The District of Columbia’s attorney general, Irvin Nathan, has issued an opinion saying that the proposed DC marijuana legalization initiative should not go before the voters because it violates federal law. Nathan sent the opinion to the DC Board of Elections Thursday, ahead of its Tuesday meeting to decide whether or not to approve it.
Nathan’s opinion is not binding, board spokesperson Tamara Robinson told the Washington Times.
“We take all comments into consideration, whether they are from the AGs office or written from DC residents,” Robinson said. “At times we have agreed with the attorney general’s office on certain matters and at times we don’t.”
But if the board agrees with the city’s top lawyer next week, that could mean back to the drawing board for the initiative’s proponents, the DC Cannabis Coalition.

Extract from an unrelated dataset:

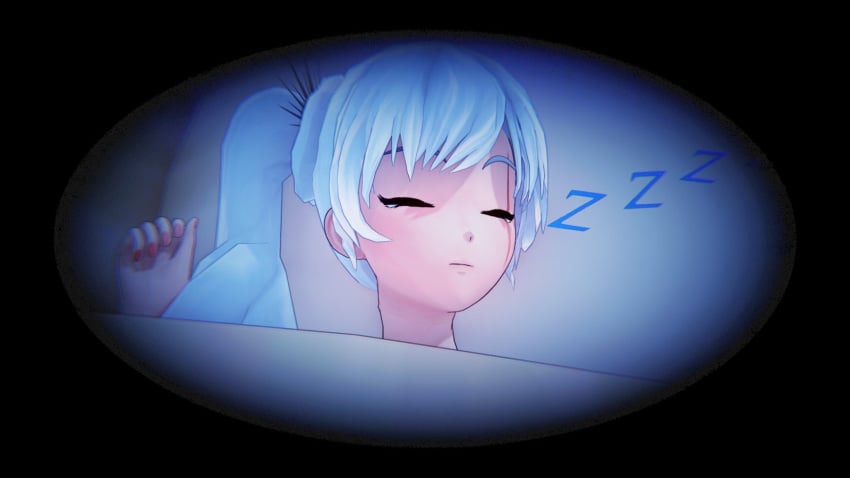 1futa 1girls 3d blowjob closed_eyes comic fellatio female futa_on_female futanari littlered-rose ruby_rose rwby sleeping weiss_schnee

That in turn could mean its chance of actually gathering enough signatures to qualify for the November 2014 ballot before the clock ran out would be greatly diminished.
In his opinion, Nathan took issue with a passage in the initiative that says “no district government agency or office shall limit or refuse to provide any facility service, program or benefit to any person” based on the legalization of marijuana.”
That language conflicts with the Anti-Drug Abuse Act of 1988, which “requires that public housing leases make ‘drug-related criminal activity’ on or off public housing premises a cause for terminating a public housing lease,” he wrote. “The proposed initiative would prohibit leases from containing such language and prohibit the District from evicting a public-housing tenant who, in violation of federal law and the lease, possessed small quantities of marijuana.”
The coalition’s Adam Eidinger told the Times said he is working with coalition lawyers from his to see if the questionable wording in the initiative can be changed ahead of the Tuesday hearing.
“It might just be a matter of four words that have to be changed,” Eidinger said. “I don’t want to lose our opportunity to collect signatures.”
The initiative would legalize the possession of up to two ounces of marijuana and allow for growing up to six plants. It would not legalize the sale of marijuana or allow for marijuana retail stores.
The DC city council is preparing for a final vote to decriminalize marijuana possession next month, and there are efforts underway to get a legalization bill moving in the council, but initiative advocates hope that they can either get on the ballot and let voters decide or use the initiative as a sword over the head of the council to prod it to act.